そして本題のIVRを構築する方法ですが世の中にはTwillioなど便利なサービスがありますが有償で企業向けだったりするので個人では使いにくいです。無料で済ませるには自前のサーバーでオープンソースのIP-PBXであるAsteriskを動かすのが鉄板です。
Asteriskの導入
まず、サーバーにAsteriskを導入します。debianなら# apt-get install asteriskで一発でインスコできると思います。
次にSIPの設定です。/etc/asterisk/sip.confを編集します。INFファイルの要領で設定を書き換えます。
まず、忘れずに行いたいのは外部から勝手に発信されないようゲスト発信を許可しないことです。[general]セクションにallowguest=noを追加しましょう。
次にSIPアカウントの設定をします。
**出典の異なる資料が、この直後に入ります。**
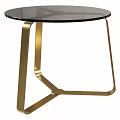 Modern Functional Table With Gold Metal Frame And Round Glass Top Design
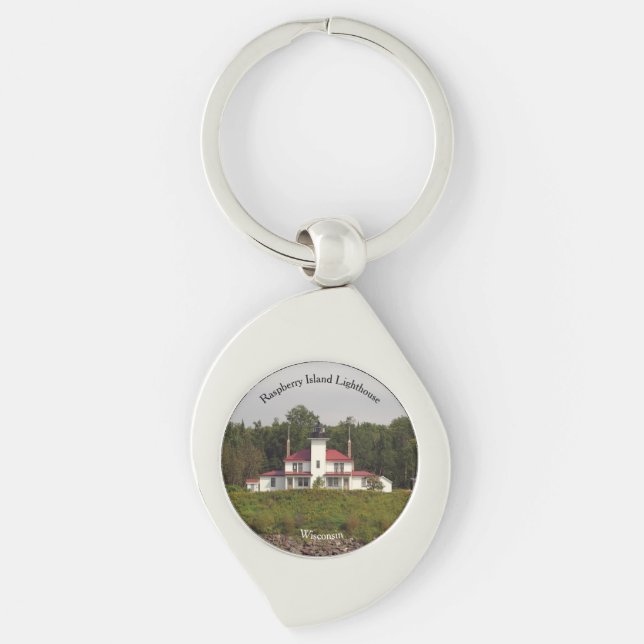 Raspberry Island Lighthouse metal key chain (Front)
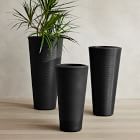Lightweight Grooved Round Tapered Indoor/Outdoor Planters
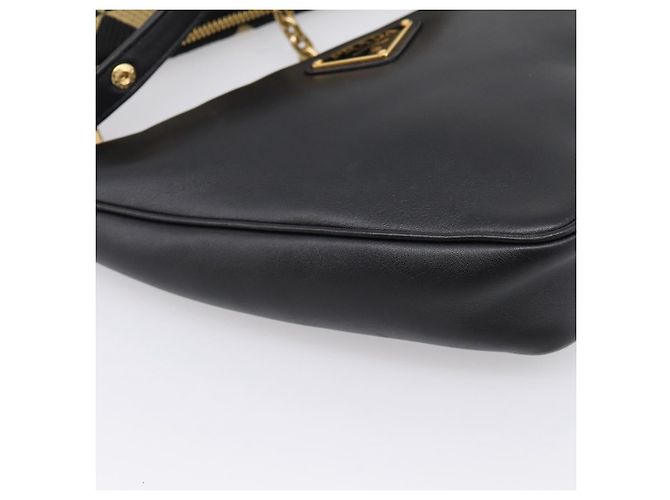 Bolsa de Mão PRADA Triangle Canvas Leather 2way Beige Black 1BC176 Auth ka6170M Preto Bege - vista 20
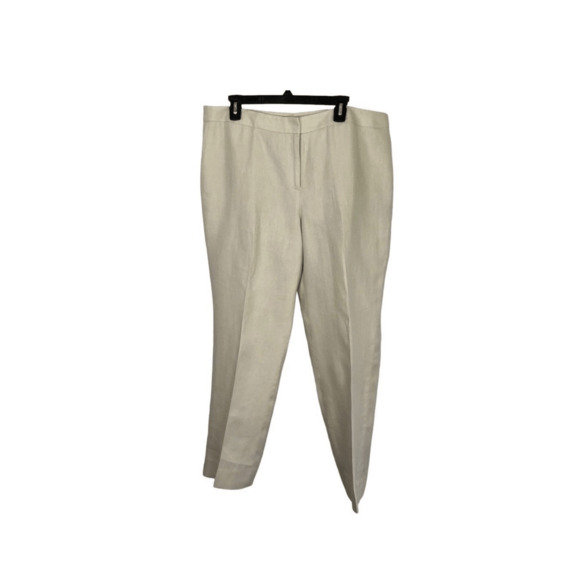 Lafayette 148 Barrow Cream Barrow Linen Pleated Slacks SZ 4P Office Siren - Picture 4 of 8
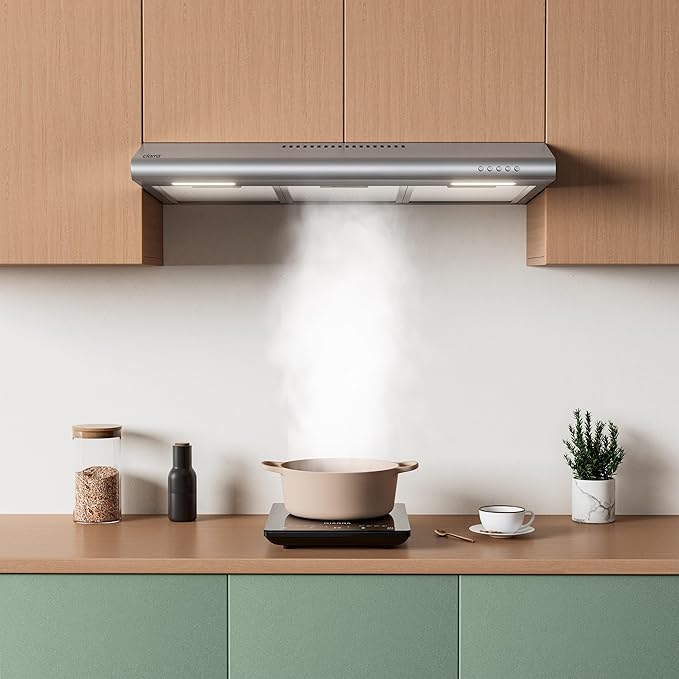 Under Cabinet Range Hood 30 inch Vent Hood for Kitchen with 3 Speed Exhaust Fan, Ducted and Ductless Convertible, Stainless Steel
SIPアカウントのログイン情報を用意して[general]セクションに以下を追記します。
register => ユーザー:パスワード@ドメイン
次にsip.confの末尾にもアカウント情報を記載します。
[適当なセクション名]
type=friend
username=ユーザー
fromuser=ユーザー
secret=パスワード
host=ドメイン
fromdomain=ドメイン
context=default
insecure=port,invite
canreinvite=no
disallow=all
allow=ulaw
allow=alaw
dtmfmode=inband
nat=yes
こんな感じで記載します。これでSIPアカウントの設定ができました。
次はいよいよ着信後の動作の設定をします。ここでIVRを組み立てます。/etc/asterisk/extensions.confを編集します。
IVR用のセクションの名前を仮にmy-ivrとでもしておきましょう。
まず、[default]セクションに着信したらmy-ivrセクションに飛ぶように以下の記述をします。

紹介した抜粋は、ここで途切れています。